Early in the fall, black bears will consume acorns and hard mast crops like apples and walnuts to gain weight before hibernating for winter. During this period, they often roam around areas with polluted acorns or old apple orchards for sustenance.
Hunting black bears without bait requires finding these foods. Look for ridges with oak and beech trees, as well as wetland edges with berry patches or cherry trees.
Before hunting on someone’s land, always ensure to ask permission from the landowners. You can use a GIS mapping system to locate addresses and phone numbers, or you may simply ask via phone or email.
As you can see, successful black bear hunting without bait is possible. Simply follow the tips provided and you’ll have an excellent chance of spotting a bear quickly!
5. Look for signs of activity
Black bears are opportunistic feeders and will seek out the richest, most productive food sources available at any given time. This could include cornfields, apple or hard mast crops, and open forest areas with grassy meadows, and pine nuts.
Look for signs of activity by inspecting objects that a bear has touched or chewed on, such as corn stalks pulled to the ground, piles of scat, regurgitated corn, or obvious trails in and out of the field.
Another way to discover what the bears are eating is by checking food caches.
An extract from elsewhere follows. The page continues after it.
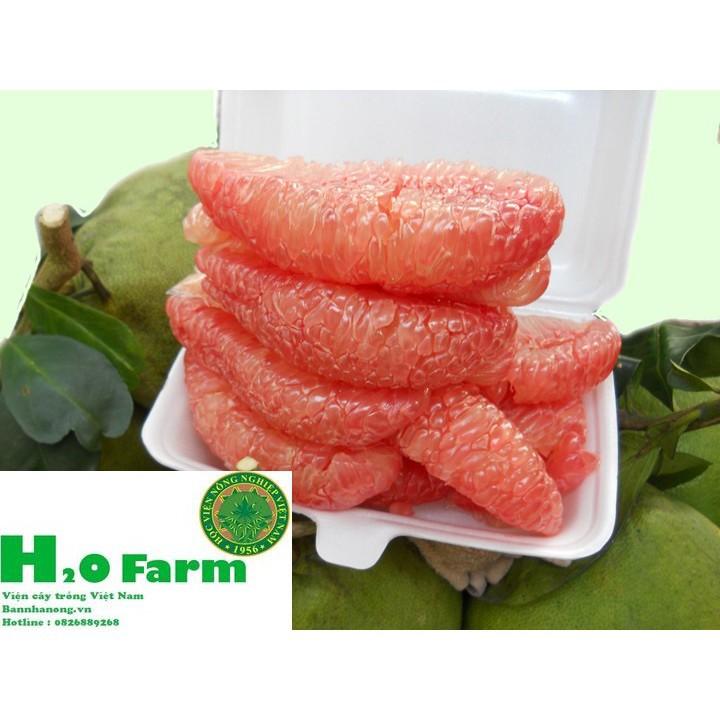 Cây Bưởi Da Xanh Chuẩn Giống Bến Tre Trái Ngọt Tép Mọng Nước + Tặng 01 cây dâu da đất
These are places where a bear has left food either for another animal or themselves, such as acorns, apple peels, wood poop, and other items.
Identification of food scraps is a great way to determine what the bear is feeding on and whether it’s in season or not. Also, look out for signs of foraging like logs flipped over or stumps pulled apart.
In the spring, look for winter kill carcasses, skunk cabbage, berries, grasses, and roots. In the fall, acorns and hard mast crops like apples are abundant.
In the steep country, one of the best places to spot a bear during the early season is on exposed south-facing slopes that have been cleared of snow by slides or avalanches. These slopes often produce an abundance of preferred black bear foods like glacier lily, skunk cabbage, grasses, and clovers.